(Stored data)

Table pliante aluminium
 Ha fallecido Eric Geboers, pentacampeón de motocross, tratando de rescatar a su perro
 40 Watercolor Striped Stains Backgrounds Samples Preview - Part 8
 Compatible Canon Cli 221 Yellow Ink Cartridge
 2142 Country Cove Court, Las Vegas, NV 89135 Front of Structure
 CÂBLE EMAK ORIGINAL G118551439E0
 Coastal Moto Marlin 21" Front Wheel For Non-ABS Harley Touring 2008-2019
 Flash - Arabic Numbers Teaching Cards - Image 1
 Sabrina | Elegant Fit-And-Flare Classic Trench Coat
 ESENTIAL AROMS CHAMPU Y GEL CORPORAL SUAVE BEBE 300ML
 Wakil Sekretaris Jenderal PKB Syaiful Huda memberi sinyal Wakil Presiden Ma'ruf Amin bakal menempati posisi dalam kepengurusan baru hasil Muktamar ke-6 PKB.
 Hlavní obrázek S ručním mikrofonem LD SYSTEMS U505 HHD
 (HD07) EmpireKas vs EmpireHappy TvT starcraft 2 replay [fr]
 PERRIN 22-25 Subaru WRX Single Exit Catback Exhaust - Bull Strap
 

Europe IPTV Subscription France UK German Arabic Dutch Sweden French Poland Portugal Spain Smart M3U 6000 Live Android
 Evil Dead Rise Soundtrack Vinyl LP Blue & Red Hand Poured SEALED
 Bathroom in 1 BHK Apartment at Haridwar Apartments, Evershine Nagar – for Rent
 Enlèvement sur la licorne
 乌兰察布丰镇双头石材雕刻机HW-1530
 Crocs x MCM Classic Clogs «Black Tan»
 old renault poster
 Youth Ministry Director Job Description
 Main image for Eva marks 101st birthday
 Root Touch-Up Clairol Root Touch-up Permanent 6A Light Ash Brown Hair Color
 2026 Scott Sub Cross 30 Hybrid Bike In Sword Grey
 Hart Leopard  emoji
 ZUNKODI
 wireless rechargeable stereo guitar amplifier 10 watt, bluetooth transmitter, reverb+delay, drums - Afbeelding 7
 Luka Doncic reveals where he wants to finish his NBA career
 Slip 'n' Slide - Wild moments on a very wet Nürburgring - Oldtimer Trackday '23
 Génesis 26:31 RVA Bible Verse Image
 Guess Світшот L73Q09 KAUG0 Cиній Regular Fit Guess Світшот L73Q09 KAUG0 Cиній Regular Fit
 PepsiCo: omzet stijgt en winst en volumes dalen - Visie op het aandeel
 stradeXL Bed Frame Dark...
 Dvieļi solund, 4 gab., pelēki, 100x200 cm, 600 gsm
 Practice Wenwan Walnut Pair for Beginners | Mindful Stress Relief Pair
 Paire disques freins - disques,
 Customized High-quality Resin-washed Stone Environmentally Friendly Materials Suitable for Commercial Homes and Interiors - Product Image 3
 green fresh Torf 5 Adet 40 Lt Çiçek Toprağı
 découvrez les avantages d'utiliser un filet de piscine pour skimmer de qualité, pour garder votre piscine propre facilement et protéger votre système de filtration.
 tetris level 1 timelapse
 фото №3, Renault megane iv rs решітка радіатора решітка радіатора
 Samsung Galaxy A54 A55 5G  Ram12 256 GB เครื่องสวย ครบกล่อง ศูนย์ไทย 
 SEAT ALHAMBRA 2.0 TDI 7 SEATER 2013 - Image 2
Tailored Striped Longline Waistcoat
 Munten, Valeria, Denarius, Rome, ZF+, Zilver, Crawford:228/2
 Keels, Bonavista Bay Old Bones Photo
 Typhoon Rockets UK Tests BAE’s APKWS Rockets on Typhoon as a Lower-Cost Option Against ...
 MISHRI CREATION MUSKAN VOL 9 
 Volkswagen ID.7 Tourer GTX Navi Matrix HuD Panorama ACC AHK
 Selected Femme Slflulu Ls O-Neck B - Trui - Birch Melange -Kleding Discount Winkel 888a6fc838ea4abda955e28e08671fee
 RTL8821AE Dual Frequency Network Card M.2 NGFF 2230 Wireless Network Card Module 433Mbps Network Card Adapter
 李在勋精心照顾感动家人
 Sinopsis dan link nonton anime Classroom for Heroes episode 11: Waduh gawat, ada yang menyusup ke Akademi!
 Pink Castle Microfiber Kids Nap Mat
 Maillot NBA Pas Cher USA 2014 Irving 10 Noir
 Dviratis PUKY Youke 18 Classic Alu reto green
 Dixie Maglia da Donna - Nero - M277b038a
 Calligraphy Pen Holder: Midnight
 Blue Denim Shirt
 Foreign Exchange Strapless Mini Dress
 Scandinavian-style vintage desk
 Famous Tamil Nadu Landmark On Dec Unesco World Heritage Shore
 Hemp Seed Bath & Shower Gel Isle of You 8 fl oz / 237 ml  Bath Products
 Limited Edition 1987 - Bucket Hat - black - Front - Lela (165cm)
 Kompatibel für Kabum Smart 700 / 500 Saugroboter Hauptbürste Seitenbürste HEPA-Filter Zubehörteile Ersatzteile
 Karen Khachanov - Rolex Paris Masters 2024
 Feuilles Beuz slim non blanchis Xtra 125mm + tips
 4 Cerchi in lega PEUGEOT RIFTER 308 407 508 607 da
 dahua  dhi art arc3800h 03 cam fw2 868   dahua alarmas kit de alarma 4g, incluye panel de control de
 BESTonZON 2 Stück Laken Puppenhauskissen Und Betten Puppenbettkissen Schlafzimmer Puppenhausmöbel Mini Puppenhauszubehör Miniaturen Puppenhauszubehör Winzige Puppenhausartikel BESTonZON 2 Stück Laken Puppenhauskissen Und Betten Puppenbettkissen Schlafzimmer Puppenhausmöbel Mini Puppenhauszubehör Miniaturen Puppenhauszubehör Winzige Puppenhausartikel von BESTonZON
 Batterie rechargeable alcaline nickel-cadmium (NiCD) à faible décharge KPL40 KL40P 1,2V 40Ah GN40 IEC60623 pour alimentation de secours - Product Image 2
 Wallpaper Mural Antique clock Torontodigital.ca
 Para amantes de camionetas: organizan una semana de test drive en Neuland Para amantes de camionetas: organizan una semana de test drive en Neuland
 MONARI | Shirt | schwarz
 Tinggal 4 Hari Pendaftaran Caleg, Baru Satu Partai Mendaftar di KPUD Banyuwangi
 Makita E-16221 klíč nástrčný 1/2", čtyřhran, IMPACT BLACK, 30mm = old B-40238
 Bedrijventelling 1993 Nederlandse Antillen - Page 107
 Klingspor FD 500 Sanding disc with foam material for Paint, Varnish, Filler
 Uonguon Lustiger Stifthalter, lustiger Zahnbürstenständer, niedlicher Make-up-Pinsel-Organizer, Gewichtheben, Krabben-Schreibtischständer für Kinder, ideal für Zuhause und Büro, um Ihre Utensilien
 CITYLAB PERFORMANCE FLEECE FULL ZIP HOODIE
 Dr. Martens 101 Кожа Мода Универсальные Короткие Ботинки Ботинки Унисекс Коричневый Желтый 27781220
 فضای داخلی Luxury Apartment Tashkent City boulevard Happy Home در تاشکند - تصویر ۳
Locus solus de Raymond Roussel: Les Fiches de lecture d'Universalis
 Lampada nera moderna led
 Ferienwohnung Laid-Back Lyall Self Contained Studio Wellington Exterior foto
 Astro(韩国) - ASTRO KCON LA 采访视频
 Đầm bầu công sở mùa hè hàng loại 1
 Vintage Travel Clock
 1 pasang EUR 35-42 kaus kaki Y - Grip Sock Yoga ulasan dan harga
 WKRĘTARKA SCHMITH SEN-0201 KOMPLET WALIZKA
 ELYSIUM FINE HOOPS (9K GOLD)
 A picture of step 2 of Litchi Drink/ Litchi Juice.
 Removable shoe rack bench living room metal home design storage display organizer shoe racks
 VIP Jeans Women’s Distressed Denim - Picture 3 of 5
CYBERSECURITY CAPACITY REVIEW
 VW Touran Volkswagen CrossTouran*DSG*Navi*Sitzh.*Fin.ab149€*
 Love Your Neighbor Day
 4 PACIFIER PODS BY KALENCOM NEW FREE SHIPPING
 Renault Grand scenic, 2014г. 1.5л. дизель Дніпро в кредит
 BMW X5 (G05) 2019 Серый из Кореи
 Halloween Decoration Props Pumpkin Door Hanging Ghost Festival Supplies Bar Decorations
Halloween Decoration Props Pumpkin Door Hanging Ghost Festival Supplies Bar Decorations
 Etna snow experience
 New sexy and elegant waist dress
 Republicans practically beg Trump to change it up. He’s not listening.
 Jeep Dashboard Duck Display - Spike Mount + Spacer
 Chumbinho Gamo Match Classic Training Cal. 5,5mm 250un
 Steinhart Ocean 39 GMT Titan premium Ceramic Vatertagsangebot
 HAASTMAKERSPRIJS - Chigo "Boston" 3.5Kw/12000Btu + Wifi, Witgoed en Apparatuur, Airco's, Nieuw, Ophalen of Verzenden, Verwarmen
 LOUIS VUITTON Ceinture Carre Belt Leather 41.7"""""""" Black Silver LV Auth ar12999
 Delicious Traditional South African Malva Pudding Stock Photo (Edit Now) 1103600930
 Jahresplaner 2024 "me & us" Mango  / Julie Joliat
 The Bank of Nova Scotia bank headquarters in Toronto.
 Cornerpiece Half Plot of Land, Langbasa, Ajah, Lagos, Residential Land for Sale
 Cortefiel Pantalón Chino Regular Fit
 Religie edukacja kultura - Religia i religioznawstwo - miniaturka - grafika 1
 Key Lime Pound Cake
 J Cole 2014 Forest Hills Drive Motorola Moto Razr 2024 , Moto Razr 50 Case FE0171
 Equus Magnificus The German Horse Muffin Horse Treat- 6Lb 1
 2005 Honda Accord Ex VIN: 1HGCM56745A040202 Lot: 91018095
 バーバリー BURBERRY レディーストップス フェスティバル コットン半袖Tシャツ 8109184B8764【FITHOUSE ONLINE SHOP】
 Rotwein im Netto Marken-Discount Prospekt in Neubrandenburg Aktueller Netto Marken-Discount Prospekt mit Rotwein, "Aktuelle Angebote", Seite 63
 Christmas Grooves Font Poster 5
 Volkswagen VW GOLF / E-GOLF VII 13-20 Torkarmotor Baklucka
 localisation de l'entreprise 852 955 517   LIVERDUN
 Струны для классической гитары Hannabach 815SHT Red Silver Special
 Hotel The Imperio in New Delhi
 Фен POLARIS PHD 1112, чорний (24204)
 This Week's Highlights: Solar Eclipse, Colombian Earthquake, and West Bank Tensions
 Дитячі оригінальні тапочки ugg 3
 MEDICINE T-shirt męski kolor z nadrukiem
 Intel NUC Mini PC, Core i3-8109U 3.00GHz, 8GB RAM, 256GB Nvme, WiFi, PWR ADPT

* [Task requirements]: Return every line holding the word "Smart" from the records.

* [Answer space]:
Europe IPTV Subscription France UK German Arabic Dutch Sweden French Poland Portugal Spain Smart M3U 6000 Live Android
 Kompatibel für Kabum Smart 700 / 500 Saugroboter Hauptbürste Seitenbürste HEPA-Filter Zubehörteile Ersatzteile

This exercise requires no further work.